Normalerweise wird um den Legislaturplan, mit dem sich der Bundesrat selber die Richtung vorgibt, kein grosses Aufheben gemacht. Diesmal jedoch hat der Nationalrat dem Bundesrat mit der Anpassung desselben ein bürgerliches Wunschkonzert dirigiert: rein mit einem Interventionsmechanismus für die AHV, raus mit unwillkommenen gleichstellungspolitischen Massnahmen. Die in der Revision des Aktienrechts angestrebte Geschlechterquote haben die Bürgerlichen, die bei der Besetzung des Bundesrats notfalls mit Parteiausschlüssen die Einhaltung der Parteienquote namens Konkordanz erzwingen, kurzerhand rausgekickt, ebenso gestrichen haben sie die Revision des Gleichstellungsgesetzes, einen zögerlichen Schritt des Bundesrates zu mehr Lohngleichheit.
Argumente zählten bei der Debatte um die Legislaturplanmassnahmen nicht: Unbedarft durfte SVP-Neo-Nationalrat Erich Hess behaupten, die Gleichstellung sei erreicht und gleichwertige Arbeit werde auch gleich bezahlt. Spielt ja keine Rolle, dass die Statistiken eine ganz andere Sprache sprechen und Frauen zur schlechter bezahlten Erwerbsarbeit auch noch die meiste unbezahlte Arbeit übernehmen. Was der bürgerlichen Mehrheit nicht in den Kram passt, muss aus dem Legislaturplanung raus - einfach weil sie es können.

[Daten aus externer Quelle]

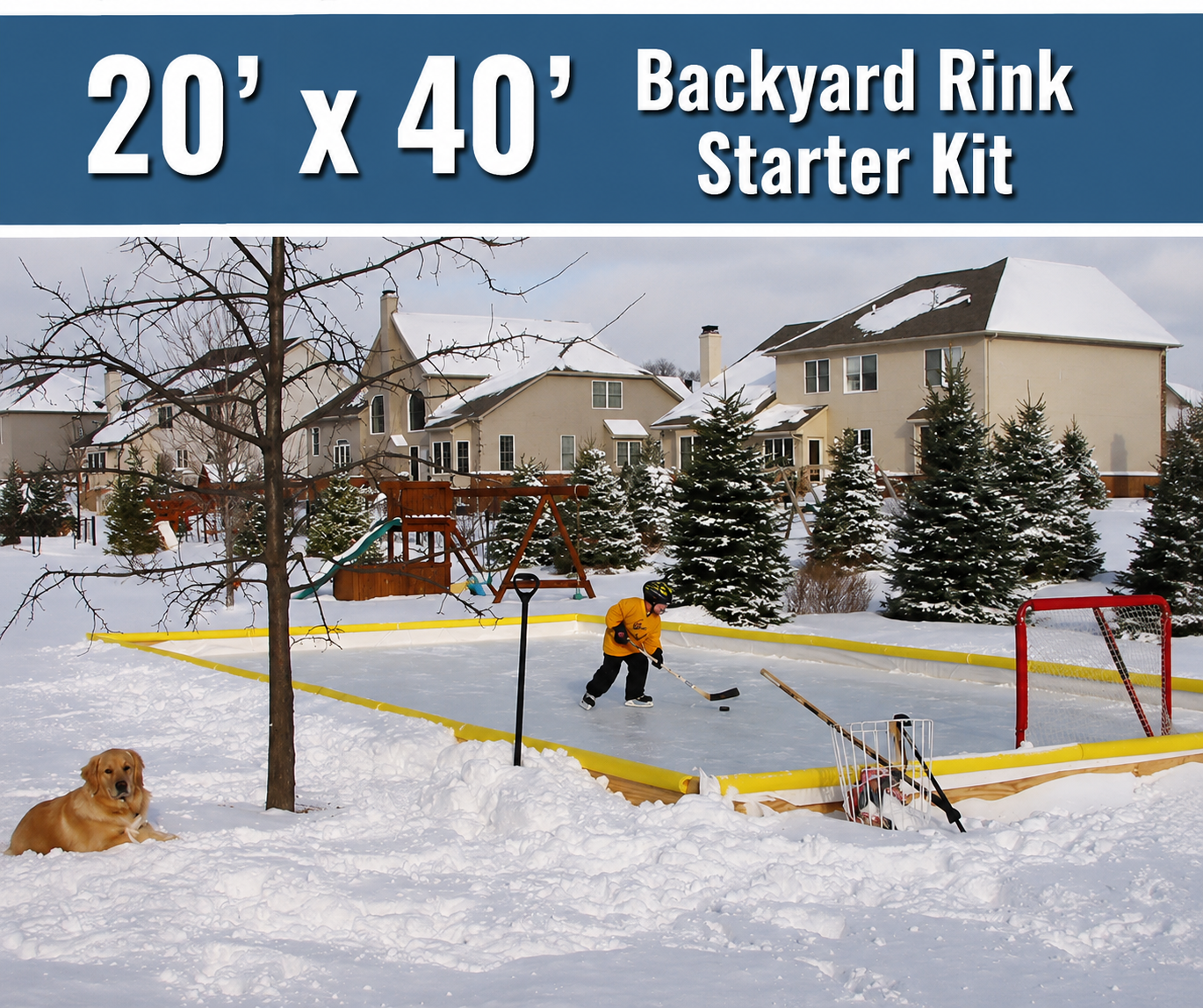 NiceRink 20' X 40' Rink-In-A-Box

Damit hat der Nationalrat gezeigt, dass ihm die Bedürfnisse der Bevölkerung egal sind und er nur noch eine Klientelpolitik betreibt. Die Gleichstellung ist kein Anliegen der linken Ratsminderheit, das es zu bekämpfen gilt, sondern eine gesellschaftliche Notwendigkeit, die Frauen und Männern, aber auch der Wirtschaft zugutekommt. Und bürgerliche Wählerinnen und Wähler sind ebenso auf eine AHV, die durch keinen Interventionsmechanismus geschwächt wird, angewiesen wie der Rest der Bevölkerung. Diese Zusammenhänge hat der Nationalrat komplett aus den Augen verloren.

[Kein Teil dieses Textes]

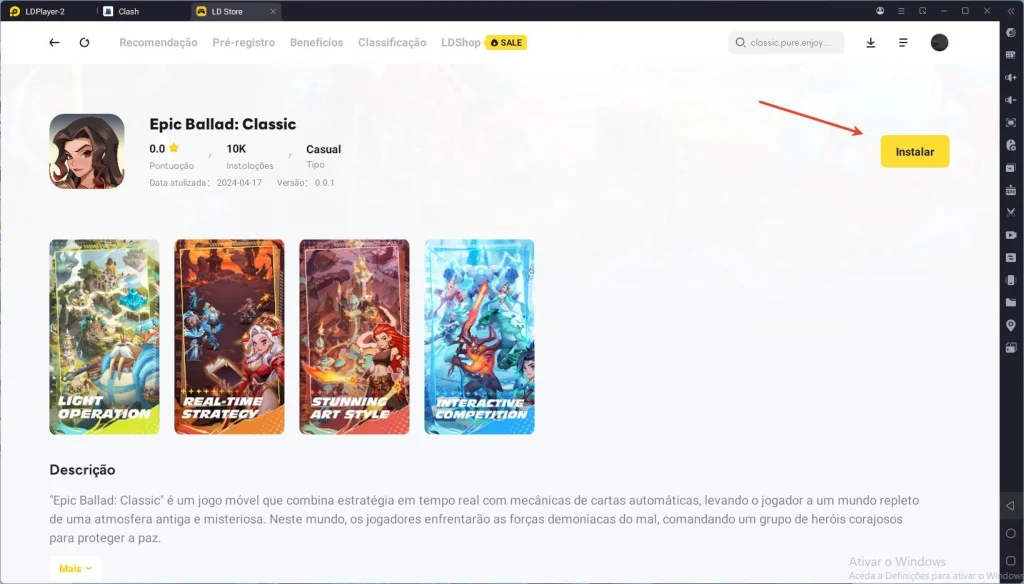 【Guia de iniciantes 】Como baixar e jogar Epic Ballad: Classic no PC?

Bleibt zu hoffen, dass zumindest der Bundesrat weitsichtiger ist, sich vom nationalrätlichen Powerplay nicht unter Druck setzen lässt und dem Parlament bald eine wirksame Vorlage zur Lohngleichheit vorlegt. Wenn nicht, werden wir Frauen selber ins Powerplay einsteigen und unsere Rechte mit allen uns zur Verfügung stehenden Mitteln einfordern.